*Brief*. Word for word, restate the lines of the material below from its first line through the one containing "Bestever Marshmallow Triceratops". Omit the rest.

▬▬▬

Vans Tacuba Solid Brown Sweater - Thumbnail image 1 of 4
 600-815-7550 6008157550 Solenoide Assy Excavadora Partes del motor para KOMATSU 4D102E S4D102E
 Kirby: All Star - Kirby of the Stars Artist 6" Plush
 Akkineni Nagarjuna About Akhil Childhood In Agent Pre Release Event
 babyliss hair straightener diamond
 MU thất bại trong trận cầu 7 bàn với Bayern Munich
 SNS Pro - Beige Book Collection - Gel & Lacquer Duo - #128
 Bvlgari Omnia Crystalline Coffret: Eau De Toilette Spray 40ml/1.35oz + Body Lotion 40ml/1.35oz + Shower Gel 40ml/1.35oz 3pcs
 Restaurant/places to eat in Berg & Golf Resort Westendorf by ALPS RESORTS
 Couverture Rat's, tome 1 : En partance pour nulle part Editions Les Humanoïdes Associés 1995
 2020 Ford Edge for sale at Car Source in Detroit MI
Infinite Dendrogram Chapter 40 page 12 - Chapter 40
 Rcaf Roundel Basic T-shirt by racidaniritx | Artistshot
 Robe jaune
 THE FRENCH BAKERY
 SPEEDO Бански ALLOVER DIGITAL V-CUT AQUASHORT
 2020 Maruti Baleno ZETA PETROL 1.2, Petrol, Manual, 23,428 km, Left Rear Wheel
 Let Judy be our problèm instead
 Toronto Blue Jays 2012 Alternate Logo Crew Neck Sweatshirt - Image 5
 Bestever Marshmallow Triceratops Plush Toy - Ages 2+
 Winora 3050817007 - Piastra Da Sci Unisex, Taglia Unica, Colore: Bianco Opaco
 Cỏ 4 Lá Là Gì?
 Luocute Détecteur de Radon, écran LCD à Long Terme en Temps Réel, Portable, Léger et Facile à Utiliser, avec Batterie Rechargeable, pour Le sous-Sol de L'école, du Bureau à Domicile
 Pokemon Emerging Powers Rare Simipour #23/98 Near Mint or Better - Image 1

▬▬▬

*Reply*.
Vans Tacuba Solid Brown Sweater - Thumbnail image 1 of 4
 600-815-7550 6008157550 Solenoide Assy Excavadora Partes del motor para KOMATSU 4D102E S4D102E
 Kirby: All Star - Kirby of the Stars Artist 6" Plush
 Akkineni Nagarjuna About Akhil Childhood In Agent Pre Release Event
 babyliss hair straightener diamond
 MU thất bại trong trận cầu 7 bàn với Bayern Munich
 SNS Pro - Beige Book Collection - Gel & Lacquer Duo - #128
 Bvlgari Omnia Crystalline Coffret: Eau De Toilette Spray 40ml/1.35oz + Body Lotion 40ml/1.35oz + Shower Gel 40ml/1.35oz 3pcs
 Restaurant/places to eat in Berg & Golf Resort Westendorf by ALPS RESORTS
 Couverture Rat's, tome 1 : En partance pour nulle part Editions Les Humanoïdes Associés 1995
 2020 Ford Edge for sale at Car Source in Detroit MI
Infinite Dendrogram Chapter 40 page 12 - Chapter 40
 Rcaf Roundel Basic T-shirt by racidaniritx | Artistshot
 Robe jaune
 THE FRENCH BAKERY
 SPEEDO Бански ALLOVER DIGITAL V-CUT AQUASHORT
 2020 Maruti Baleno ZETA PETROL 1.2, Petrol, Manual, 23,428 km, Left Rear Wheel
 Let Judy be our problèm instead
 Toronto Blue Jays 2012 Alternate Logo Crew Neck Sweatshirt - Image 5
 Bestever Marshmallow Triceratops Plush Toy - Ages 2+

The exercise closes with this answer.